Significantly, Russia-China land cooperation in Eurasia is being matched by increasing maritime cooperation. The annual Joint Sea bilateral exercises initiated in 2012 have increased in complexity, interoperability, and range. These were carried out in the Yellow Sea in 2012 (and 2019), the Sea of Japan in 2013 (2015 and 2017), the East China Sea in 2014, and the Sea of Okhotsk in 2017. A particularly significant exercise was the extended operation between the Russian and Chinese navies in October 2021, which included sailing around the entire eastern coast of Japan. Russian naval exercising with China helps their respective spheres. Their joint exercises in the South China Sea in 2016 helped China; their joint exercising in the Mediterranean and Black Sea in 2015 and the Baltic Sea in 2017 helped Russia.

Russian naval exercises with China have also developed in the Indian Ocean, “teaming up on the US” (Siow; also Maestro). In November 2019, the Russian Northern Fleet dispatched its flag ship cruiser Marshall Ustinov and the tanker Vyaz’ma for trilateral exercises (Exercise Mosi) with China and South Africa. This was followed in late-December by the Baltic Fleet’s dispatch of the frigate Yarolslav Mudry and the tanker Elynafor trilateral exercises (Maritime Security Belt) with China and Iran in the Gulf of Oman, which were seen in China as pushing back against the United States. In January 2022, as mentioned, the Pacific Fleet sent the Varyag flotilla for trilateral naval exercises (Maritime Security Belt/CHIRU-2022) with China and Iran in the Gulf of Oman — a coalition which was described by Iran’s ambassador to Russia as creating “a lot of pain for the West.” Further bilateral exercises with China took place in the Arabian Sea (Peaceful Sea 2022) before the Russian flotilla continued to the Mediterranean to assist Russian operations in Ukraine.

Conclusions

Four points emerge. Firstly, while Russian strength in the Pacific shows renewal, it remains inferior to U.S. strength. Secondly, Russia’s close maritime cooperation with China is increasingly problematic for the United States, since Russia and China act as force multipliers for each other in the Indo-Pacific and beyond. Thirdly, Russian fleet activity in the Indo-Pacific is not just a question of Pacific Fleet deployment, but also involves inter-fleet deployments of the Northern, Baltic, and Black Sea Fleets to the Indian Ocean. Fourthly, this works the other way as well, with Pacific Fleet deployments going beyond the Indo-Pacific, not only to the Arctic, but also the Mediterranean, where inter-fleet exercises were carried out in 2013, 2016, and 2022. This may, however, be a sign of weakness, indicating the separate Russian Naval Commands do not have enough forces at their disposal.

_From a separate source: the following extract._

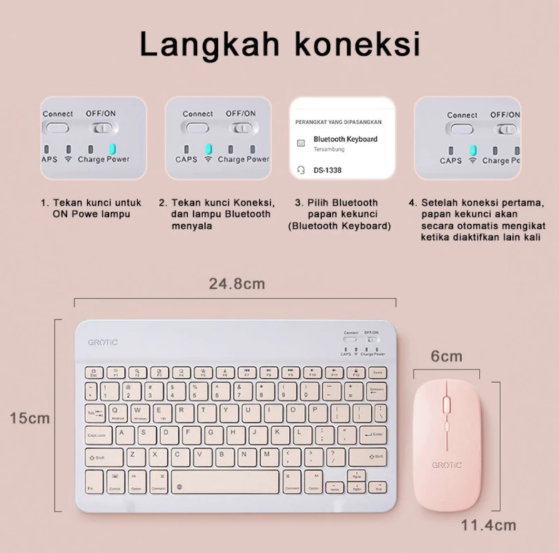 Tunggal Daya Abadi GROTIC Set Keyboard Mouse Bluetooth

Dr. David Scott is an associate member of the Corbett Centre for Maritime Policy Studies. A prolific writer on Indo-Pacific maritime geopolitics, he can be contacted at davidscott366@outlook.com.

Featured image: Russian cruiser RFS Varyag, an Iranian frigate and Chinese Type 052D destroyer Urumqi in the Arabian Sea. (Credit: Navy Lookout)

2 thoughts on “Russian Naval Strategy for the Indo-Pacific”

  1. While a Russian naval presence in the Pacific can not be discounted we should not give it more credence than it deserves. The Russians have recently demonstrated a lack of consciousness regarding the limitation of their assets and it cost them one of only three Slava class Cruisers. The Russians face not just the US, but also Japan and South Korea navies, with the Japanese and South Koreans adding both quality and quantity to their fleets. If there are concerns, it is more on the part of the Russians than the Americans.

    1. Thanks Brian. Indeed so, not only does Russia remain “inferior” to the US Pacific Fleet, but it is faced with S. Korean and Japanese quality naval assets. In addition, unsettlingly for Moscow in the longer-term, it is also being out-shipped by its strategic partner ally China’s shipbuilding acceleration for the Pacific. A strategic partner now, but one where the relationship is sliding to Russia’s disadvantage. Russian naval operations in the Black Sea have been underwhelming.